相馬市新型コロナウイルスワクチン接種メディカルセンター長の渋谷健司医師(写真提供/渋谷医師)
相馬市新型コロナウイルスワクチン接種メディカルセンター長の渋谷健司医師(写真提供/渋谷医師)

 中学生の結果でも、1回目、2回目ともに最も多い副反応は「接種部位の痛み(腫れ、かゆみ含む)」で、1回目接種後は82.3%、2回目接種後は73.8%。次いで多かったのは「倦怠感(だるさ、疲れなど)」で、2回目で56.2%、「発熱(37.5度以上)」は2回目で55.4%となった。

 この結果について、渋谷医師は「中学生でも、高校生や大人にはない特別な副反応が出たり、特に強い副反応が出たりということはない」と言う。

「副反応は、よくある接種部位の痛みや倦怠感、発熱がほとんどでした。大きな副反応というのはまずなく、翌日もしくは長くても数日程度で治まる程度です。確かに、高齢者より若者のほうが免疫反応がしっかりある分、副反応は出やすく、1回目より2回目のほうが副反応が強いという傾向はあります。しかし、子どもだからといって特別に心配する必要はないと思います」(渋谷医師)

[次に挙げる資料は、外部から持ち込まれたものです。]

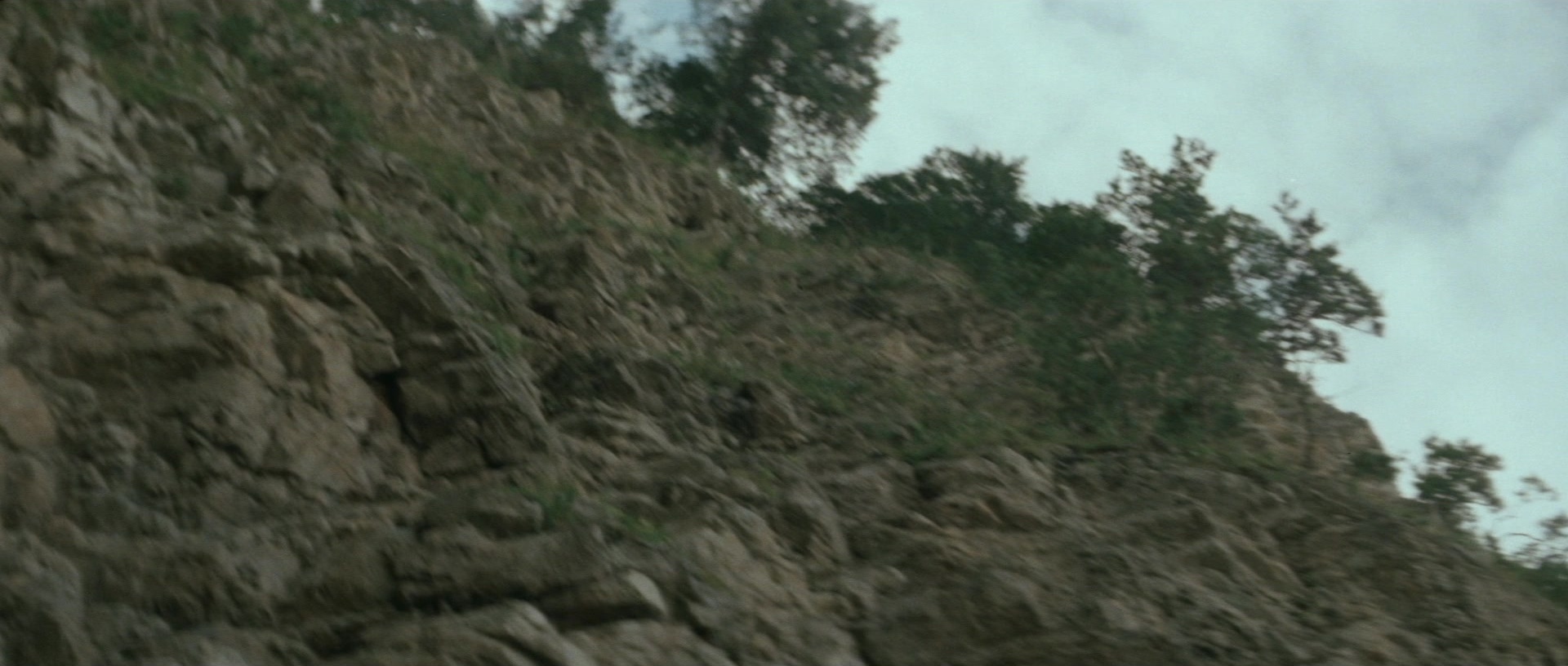 Kyôfu kikei ningen: Edogawa Rampo zenshû (1969), wide, 2.35:1 — film still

 接種を受けた中には、アレルギーのある生徒もいたというが、そうした生徒に関しても「注意深く経過観察をし、全く問題なく接種できた」(同)という。

■学校生活への影響は?

 ただ、数日で治まるものの発熱で学校を休むなど学校生活への影響は出る。生徒への接種で配慮すべき点については、渋谷医師はこう説明する。

「高校生の場合、37.5度以上の発熱があった生徒が2回目の接種後には56.0%。そのうち6割以上の生徒が『高熱により生活(登校)に支障があり、自宅で安静(学校休み)』ということなので、学校を休む可能性は考えておいたほうがいいですね。相馬市の場合は、なるべく学校を休まなくてすむよう、高校生は土曜日に、中学生は夏休み中に接種を行うといった配慮をしていました」

 早くから接種が進む相馬市では、子どもの接種に不安を抱く保護者にどのように対応したのか。相馬市保健福祉部の原史朗部長はこう話す。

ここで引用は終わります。